Using an Error FeedBack random gradient descent Error-FeedBack back-SGD (EF-SGD) algorithm:

the method comprises the following steps:

1. decompress for each training to get p_t＝ηg_t+e_t，g_tFor random gradient descent

Where e is_tThe initial value is 0 as the deviation value.

2.Δ_t＝C(p_t) And C is a gradient compression algorithm, wherein a topk algorithm is adopted, namely k values before the gradient are taken for data integration (Reduce).

3. Updating parameter x_t+1＝x_t-Δ_t,e_t+1＝p_t-Δ_t。

The EF-SGD method of the invention has the advantages that the accuracy rate is kept equal under the condition that the Imagenet training ResNet50 is accelerated by 10%.

The AllReduce-based distributed training gradient compression acceleration method provided by the embodiment of the invention can be realized in the form of a software functional module, can be used as an independent product for sale or use, and can be stored in a computer-readable storage medium. Based on such understanding, the technical solution of the present invention may be embodied in the form of a software product, which is stored in a storage medium and includes instructions for causing a computer device (which may be a personal computer, a server, or a network device) to execute all or part of the steps of the method according to the embodiments of the present invention. And the aforementioned storage medium includes: a U-disk, a removable hard disk, a Read-Only Memory (ROM), a Random Access Memory (RAM), a magnetic disk or an optical disk, and other various media capable of storing program codes.

While the invention has been described with reference to specific embodiments, it will be understood by those skilled in the art that various changes in form and details may be made therein without departing from the spirit and scope of the invention as defined by the appended claims. Therefore, the protection scope of the present invention shall be subject to the protection scope of the claims.

Claims

1. A distributed training gradient compression acceleration method based on AllReduce is characterized by comprising the following steps:

an AllReduce distributed depth gradient compression training architecture is adopted, a parameter server does not exist in the AllReduce distributed depth gradient compression training architecture, an annular closed-loop transmission path is formed between working machines, and compressed gradients are transmitted between GPUs; and

the gradient in the intra-node compression module is converted from FP32 to FP 16; and are

The gradient is compressed using an error feedback random gradient descent algorithm.

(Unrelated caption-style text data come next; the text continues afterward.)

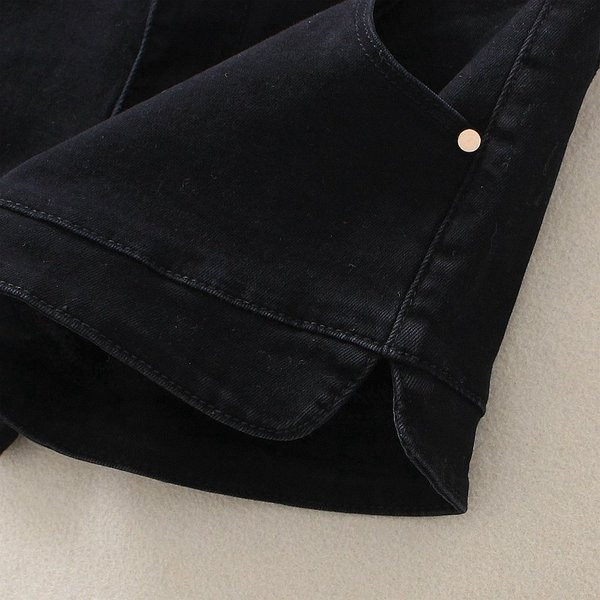 Стилни дамски къси панталони в черен цвят 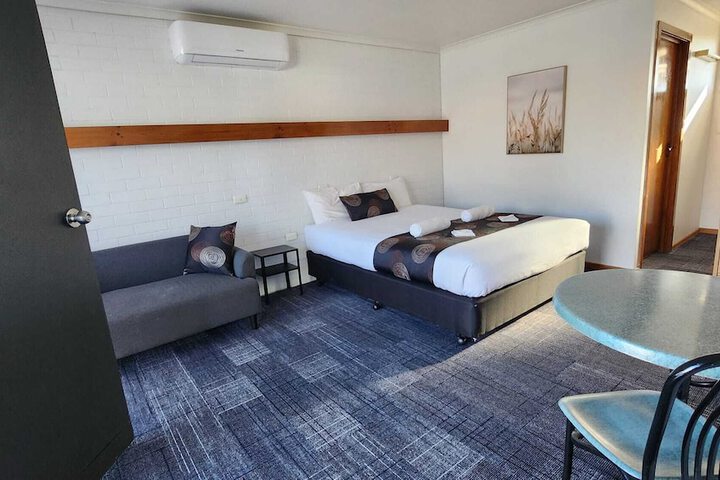 Room 16 of 34
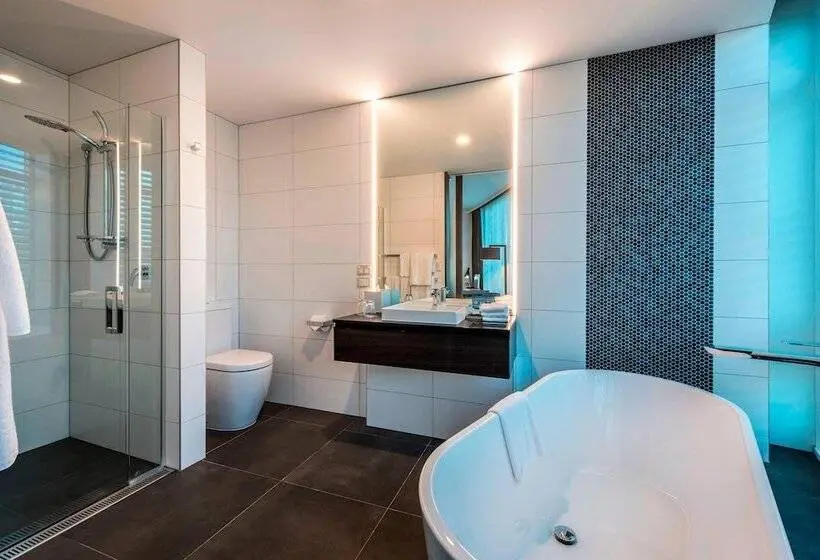 景色の見えるダブルベッドスタンダードルーム, Four Points By Sheraton Auckland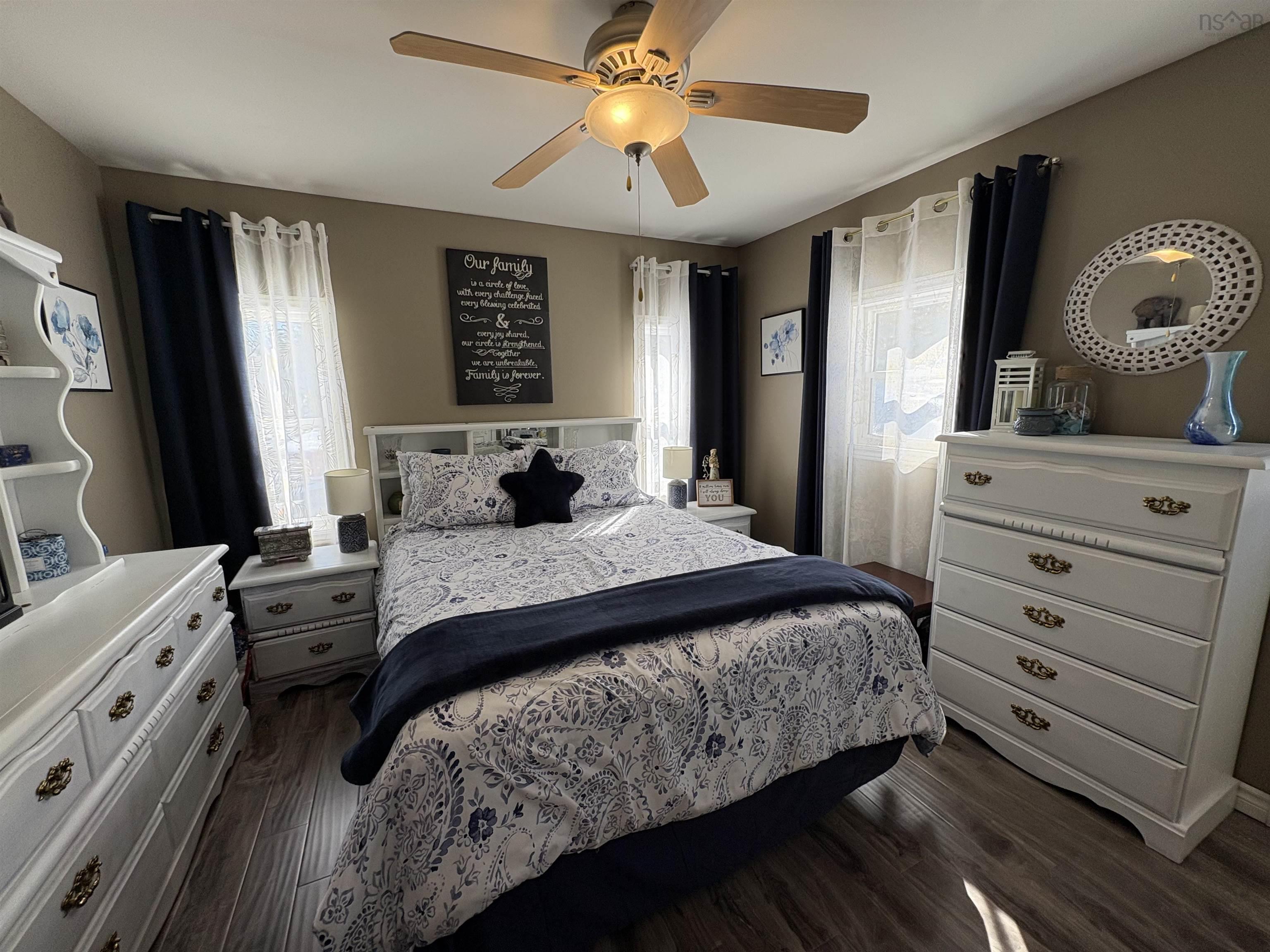 $229,000.00: 5545 East River West Side Road, Eureka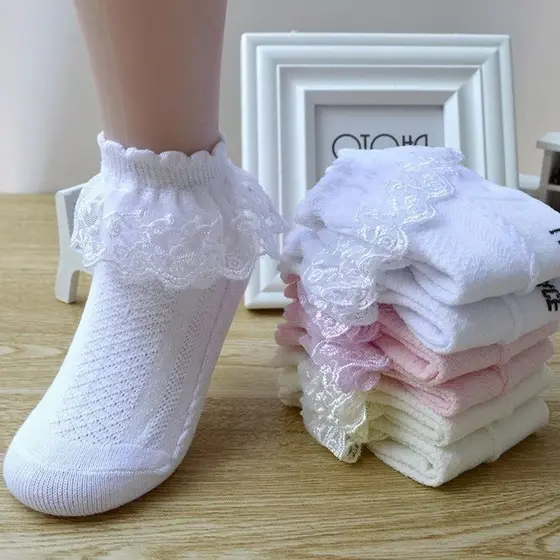 Meia Infantil Babado Cano Curto Babado de Renda Batizado Festa de Aniversário Branca Azul Rosa
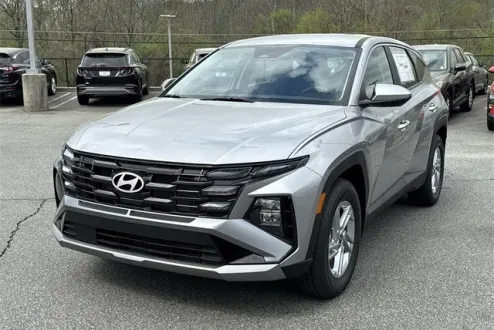 2025 Hyundai Tucson SE photo 1
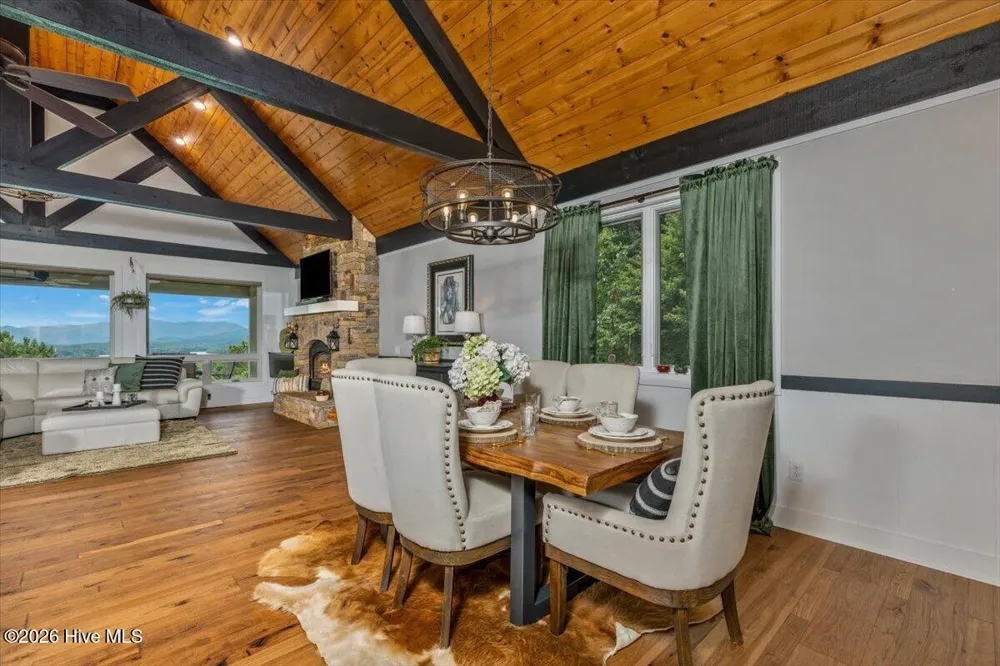 122 Oak Terrace Hayesville, NC 28904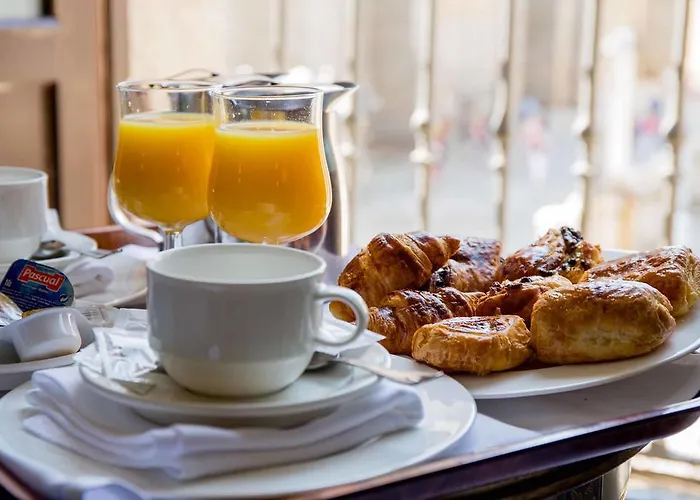 호텔 팔라시아 데 벨라다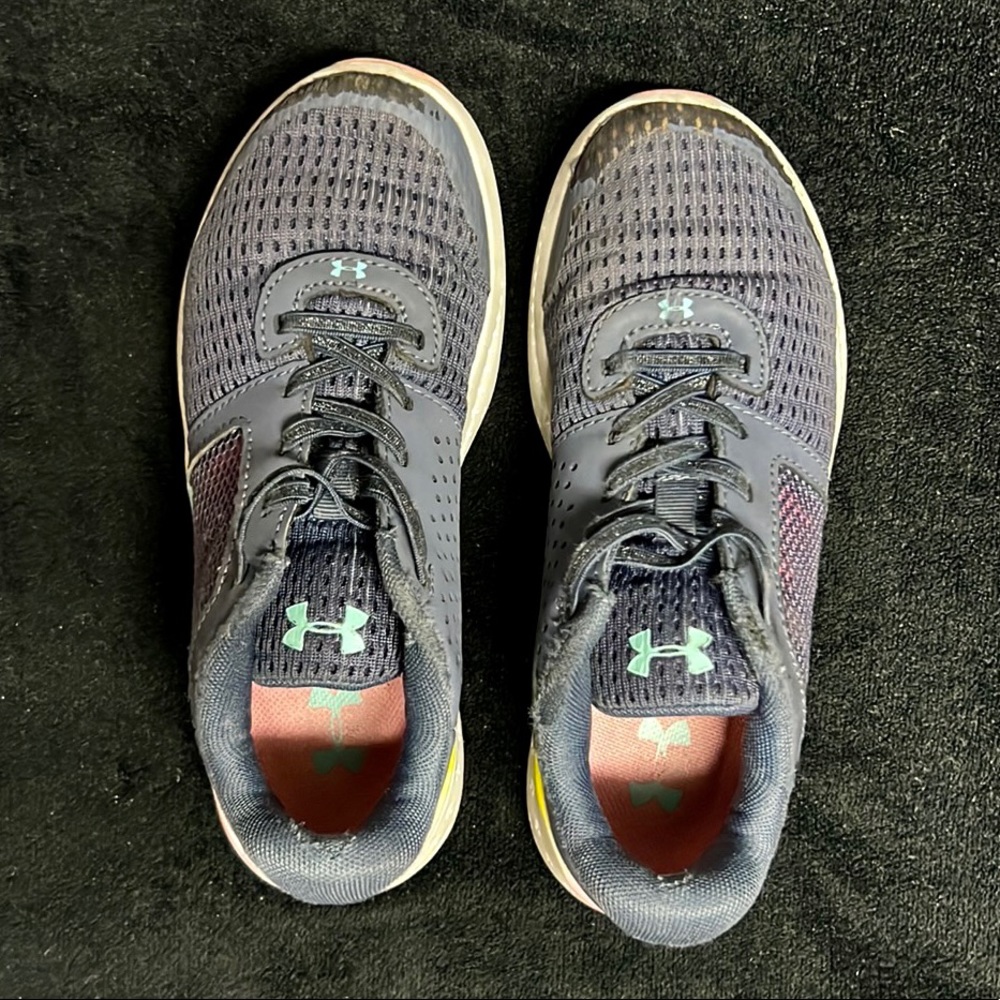 Sneaker 3 inches wide & 8.5 length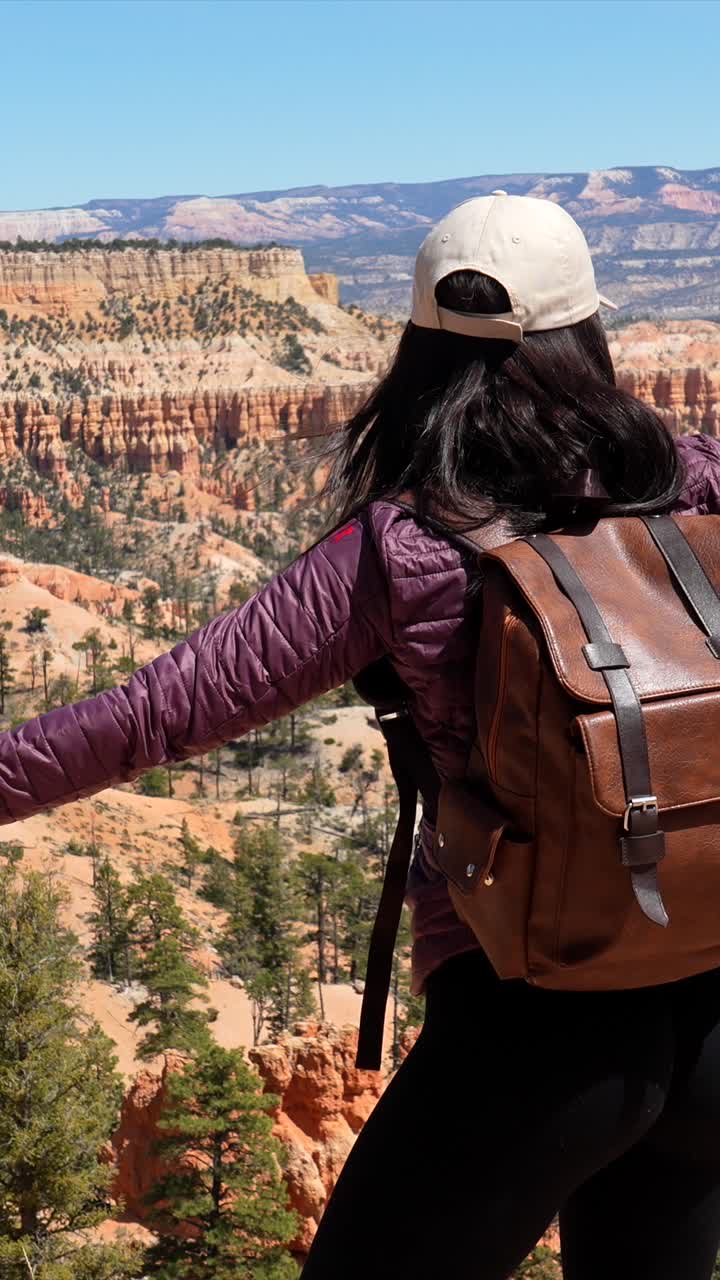 Mujer senderista feliz disfrutando de una vista panorámica del cañón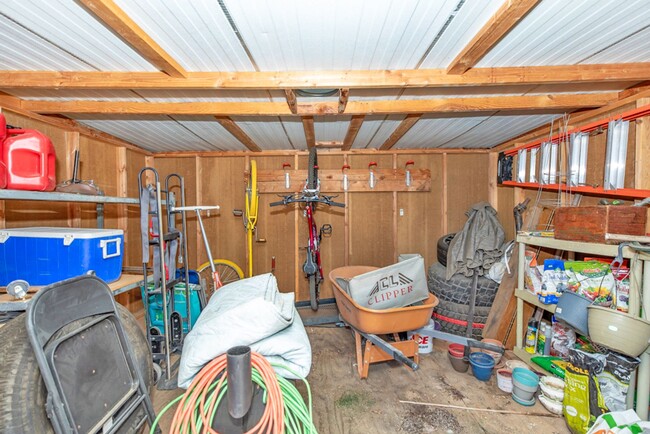 Building Photo - Spacious 2-Bedroom Home with Room to Roam ...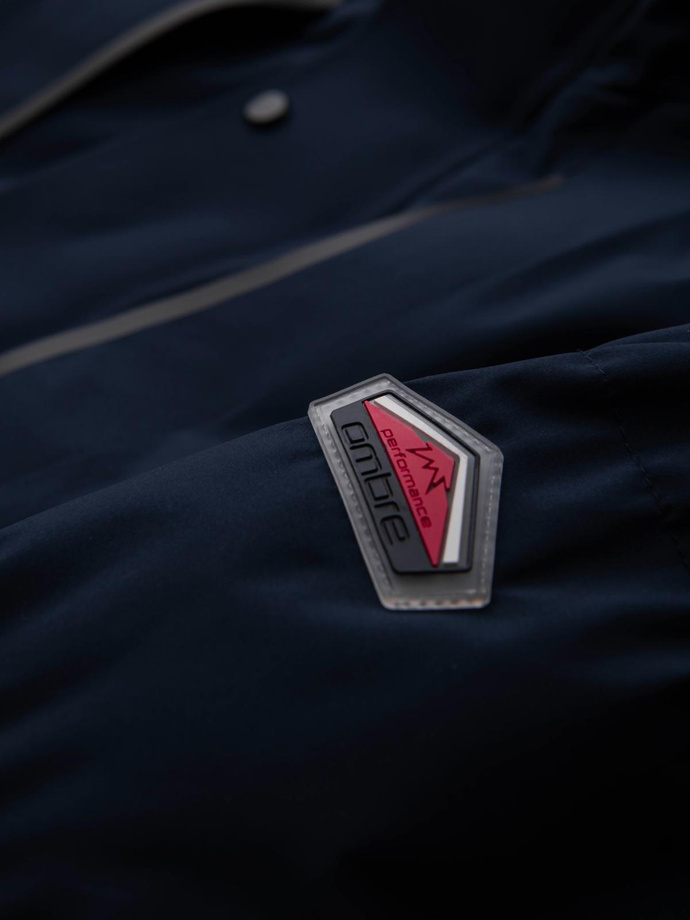 Zimowa kurtka męska z odpinanym kapturem z wodoodpornego materiału - granatowa V1 OM-JAHP-0306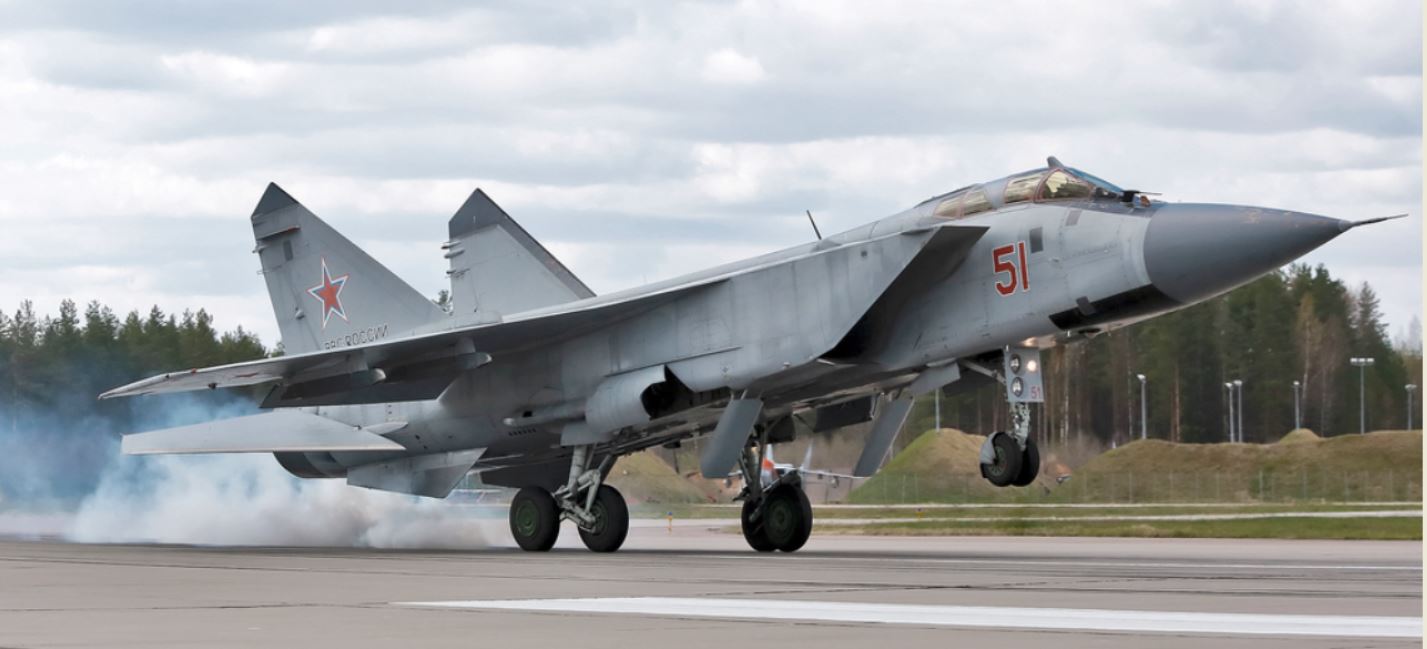 Intercepteur supersonique MiG-31 de l'armée de l'air russe, mai 2021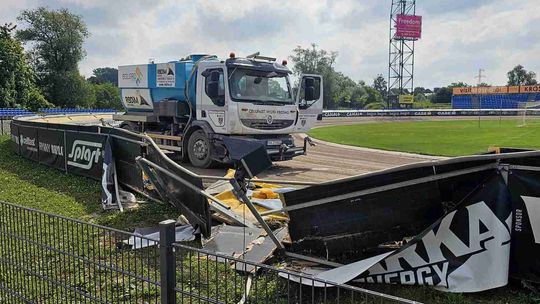 Akcja ratunkowa na stadionie żużlowym w Krośnie. Zasłabł kierowca polewaczki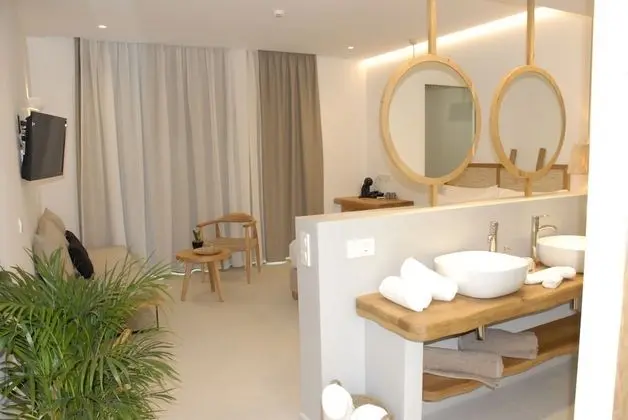 Deluxe Üç Kişilik Oda, Deniz Manzaralı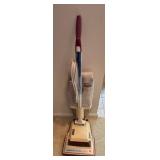 Hoover Decade 80 Vacuum Cleaner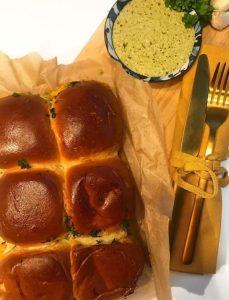 Chicken pesto sliders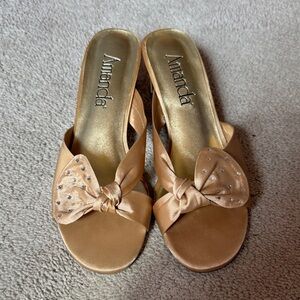 Women's Satin Bow Slide Sandals in Champagne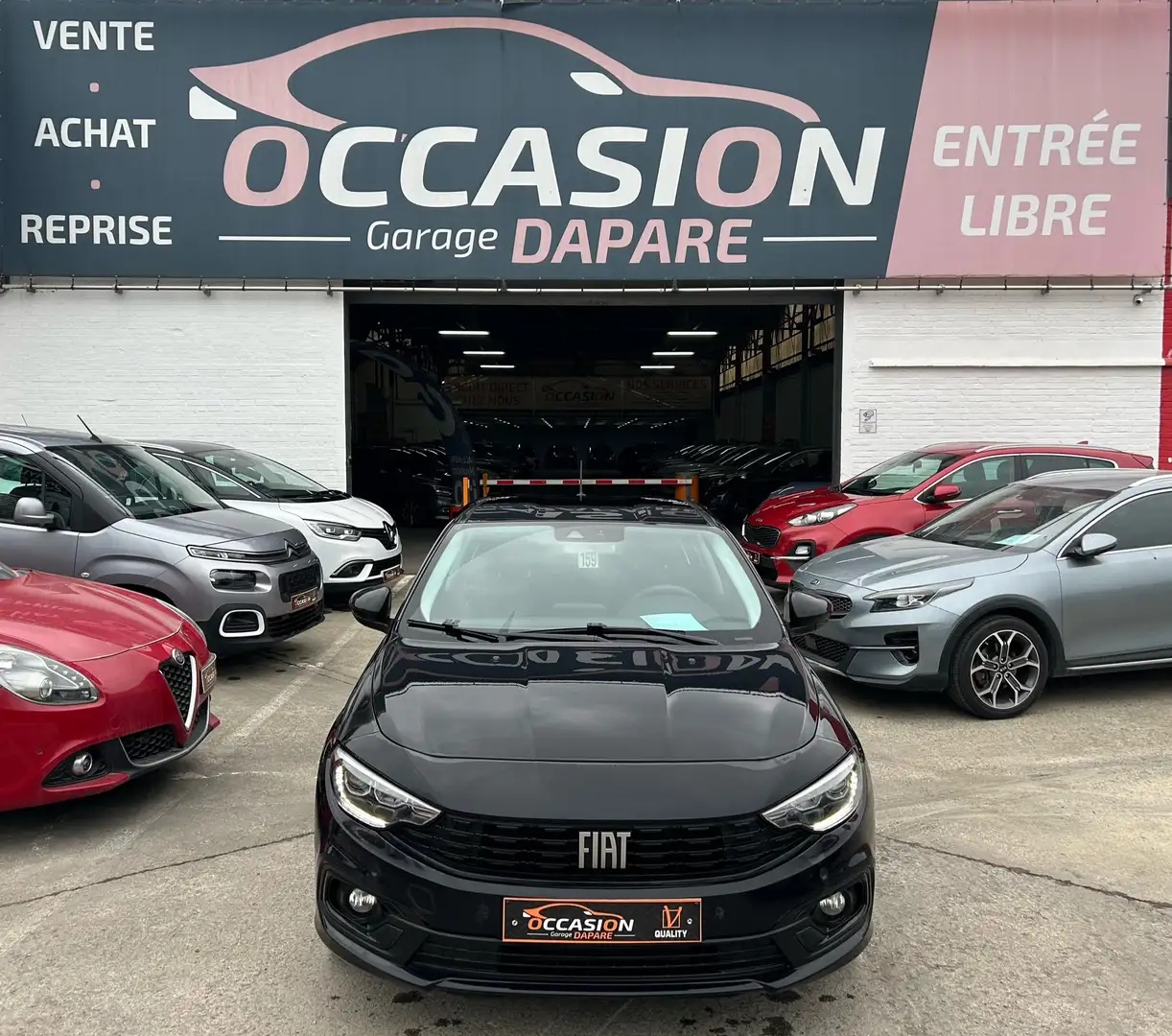 Fiat Tipo 1.3 Diesel 95CV - GPS - CARNET - Garantie 1 an Noir - 1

2. The AllReduce-based distributed training gradient compression acceleration method according to claim 1, wherein the error feedback random gradient descent algorithm comprises:

decompressing for each training to obtain the value p_t。

3. The AllReduce-based distributed training gradient compression acceleration method according to claim 2, wherein the error feedback random gradient descent algorithm further comprises:

using gradient compression algorithm to pair values p_tGradient compression is performed.

4. The Allreduce-based distributed training gradient compression acceleration method of claim 3,

value p_tIs p_t＝ηg_t+e_tWherein g is_tIn order to randomly decrease the value of the gradient,

e_tis a deviation value.

5. The Allreduce-based distributed training gradient compression acceleration method according to claim 4,

e_tthe initial value is 0.

6. The Allreduce-based distributed training gradient compression acceleration method according to claim 5,

the gradient compression is implemented as: and adopting a topk algorithm to take k values pt before the gradient for data integration.

7. The Allreduce-based distributed training gradient compression acceleration method of claim 5, wherein the error feedback random gradient descent algorithm further comprises:

updating parameters: x is the number of_t+1＝x_t-Δ_t，e_t+1＝p_t-Δ_t。

8. A storage medium characterized in that,

the storage medium comprises a stored program, wherein when the program runs, the device on which the storage medium is located is controlled to execute the AllReduce-based distributed training gradient compression acceleration method according to any one of claims 1 to 7.